STAT151A Homework 1

Author

Your name here

1 Ordinary least squares in matrix form

Consider simple least squares regression \(y_n = \beta_1 + \beta_2 x_n + \varepsilon_n\), where \(x_n\) is a scalar. Assume that we have \(N\) datapoints. We showed directly that the least–squares solution is given by

\[ \begin{aligned} \hat{\beta}_1 ={}& \overline{y} - \hat{\beta}_2 \overline{x} &and\quad\quad \hat{\beta}_2 ={}& \frac{\overline{xy} - \overline{x} \, \overline{y}} {\overline{xx} - \overline{x}^2}. \end{aligned} \]

Let us re–derive this using matrix notation.

(a) Write simple linear regression in the form \(\boldsymbol{Y}= \boldsymbol{X}\boldsymbol{\beta}+ \boldsymbol{\varepsilon}\). Be precise about what goes into each entry of \(\boldsymbol{Y}\), \(\boldsymbol{X}\), \(\boldsymbol{\beta}\), and \(\boldsymbol{\varepsilon}\). What are the dimensions of each?

(b) We proved that the optimal \(\hat{\boldsymbol{\beta}}\) satisfies \(\boldsymbol{X}^\intercal\boldsymbol{X}\hat{\boldsymbol{\beta}}= \boldsymbol{X}^\intercal\boldsymbol{Y}\).

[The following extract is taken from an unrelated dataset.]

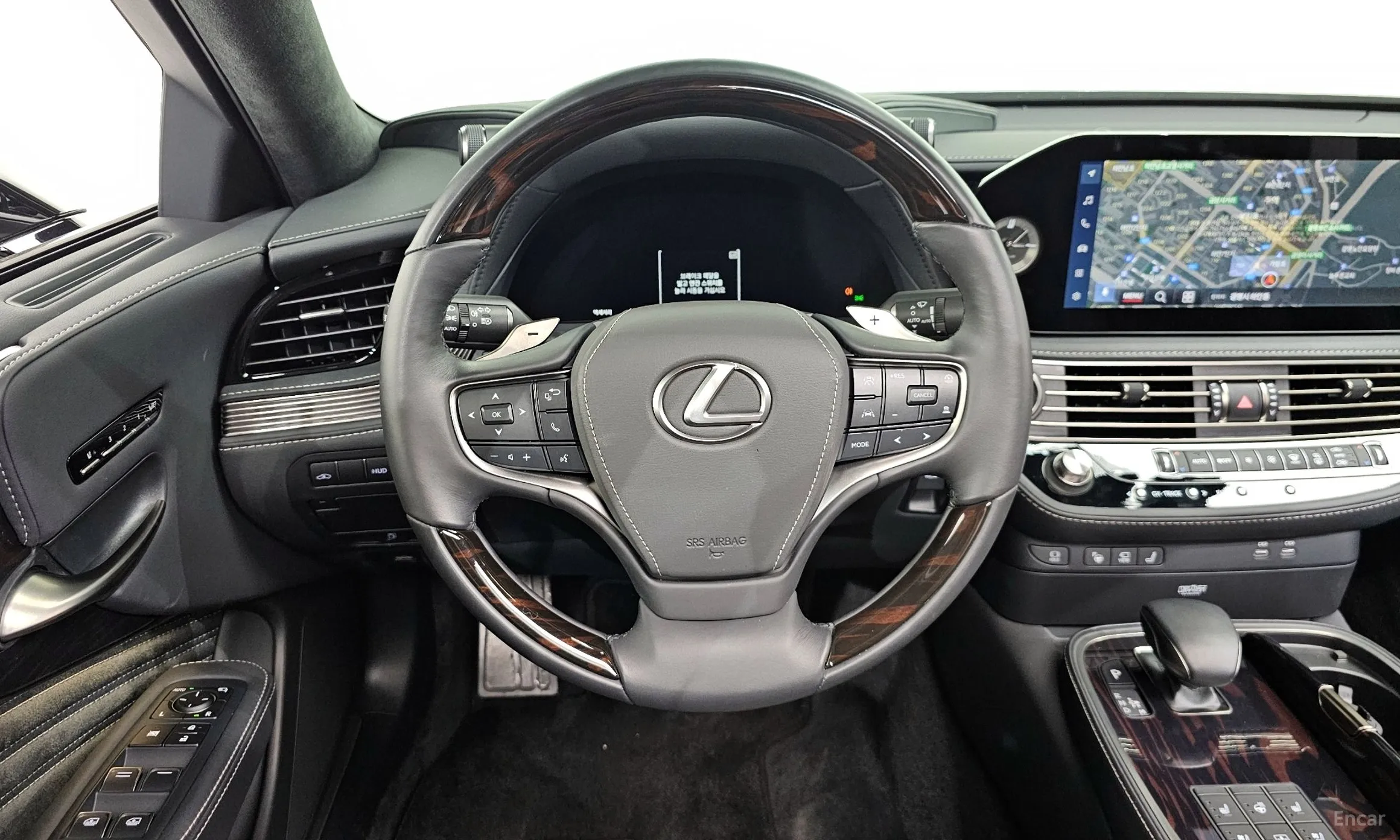 Lexus LS500 5th Generation превью 12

Define the “barred quantities” \[ \begin{aligned} \overline{y} ={}& \frac{1}{N} \sum_{n=1}^Ny_n \\ \overline{x} ={}& \frac{1}{N} \sum_{n=1}^Nx_n \\ \overline{xy} ={}& \frac{1}{N} \sum_{n=1}^Nx_n y_n \\ \overline{xx} ={}& \frac{1}{N} \sum_{n=1}^Nx_n ^2, \end{aligned} \]

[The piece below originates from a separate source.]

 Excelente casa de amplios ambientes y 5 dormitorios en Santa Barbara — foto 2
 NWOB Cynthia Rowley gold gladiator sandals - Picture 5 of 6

In terms of the barred quantities and the number of datpoints \(N\), write expressions for \(\boldsymbol{X}^\intercal\boldsymbol{X}\) and \(\boldsymbol{X}^\intercal\boldsymbol{Y}\).

(c) When is \(\boldsymbol{X}^\intercal\boldsymbol{X}\) invertible? Write a formal expression in terms of the barred quantities. Interpret this condition intuitively in terms of the distribution of the regressors \(x_n\).

(d) Using the formula for the inverse of a \(2\times 2\) matrix, find an expression for \(\hat{\boldsymbol{\beta}}\), and confirm that we get the same answer that we got by solving directly.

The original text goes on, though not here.